Task to complete: Without the images, repeat every line of the listing exactly.

Supplied information:
□ □ □ □

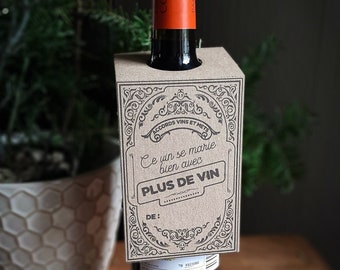 Last minute hostess gift - Homoristic thank you card for wine bottle - 100% recycled cardboard - Gift Label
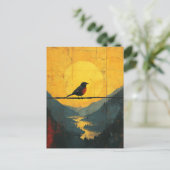 Mooie vogel op een draad in de bergen briefkaart (Staand voorkant)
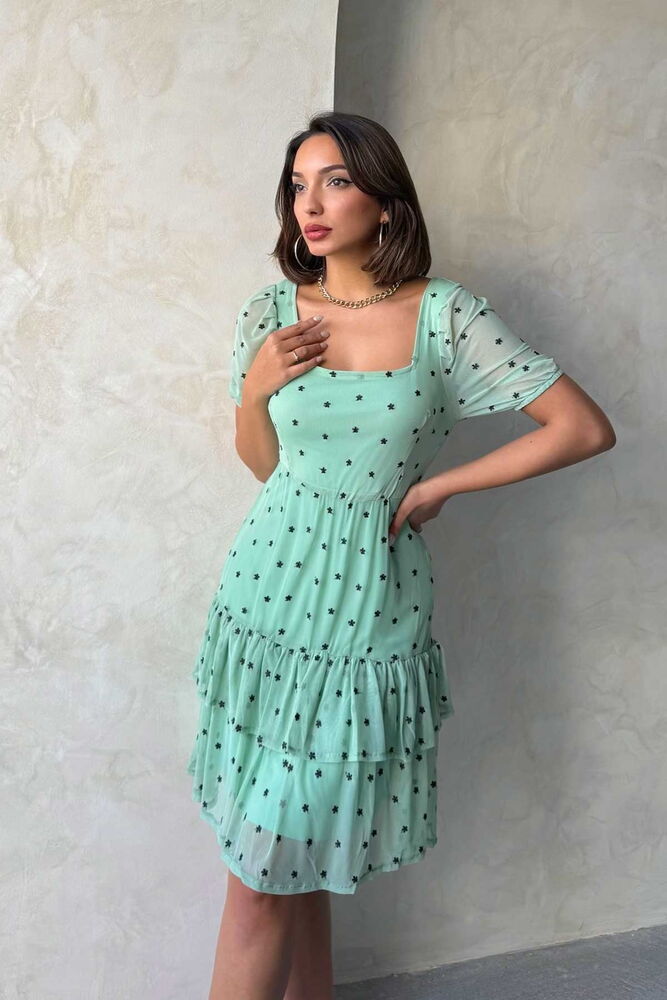 Çağla Kayak Collar Floral Wholesale Skirt Ruffle Short Sleeve Wholesale Dress - Brand: Topshow - Women & Kids, Baby Clothes Wholesale - TheBS Women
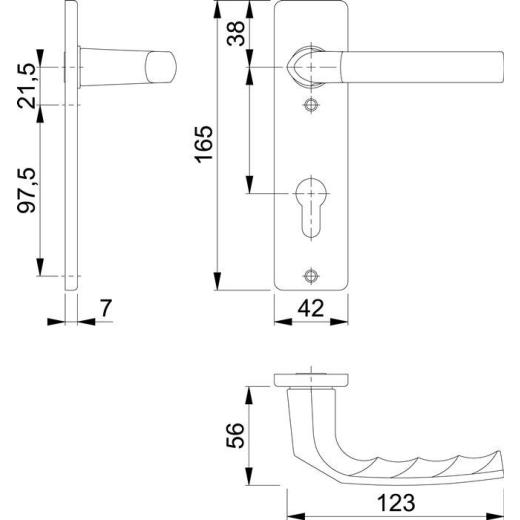 Hoppe Kurzschildgarnitur Birmingham Aluminium (F1) PZ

□ □ □ □

Response below:
 Last minute hostess gift - Homoristic thank you card for wine bottle - 100% recycled cardboard - Gift Label
 Mooie vogel op een draad in de bergen briefkaart (Staand voorkant)
 Çağla Kayak Collar Floral Wholesale Skirt Ruffle Short Sleeve Wholesale Dress - Brand: Topshow - Women & Kids, Baby Clothes Wholesale - TheBS Women
 Hoppe Kurzschildgarnitur Birmingham Aluminium (F1) PZ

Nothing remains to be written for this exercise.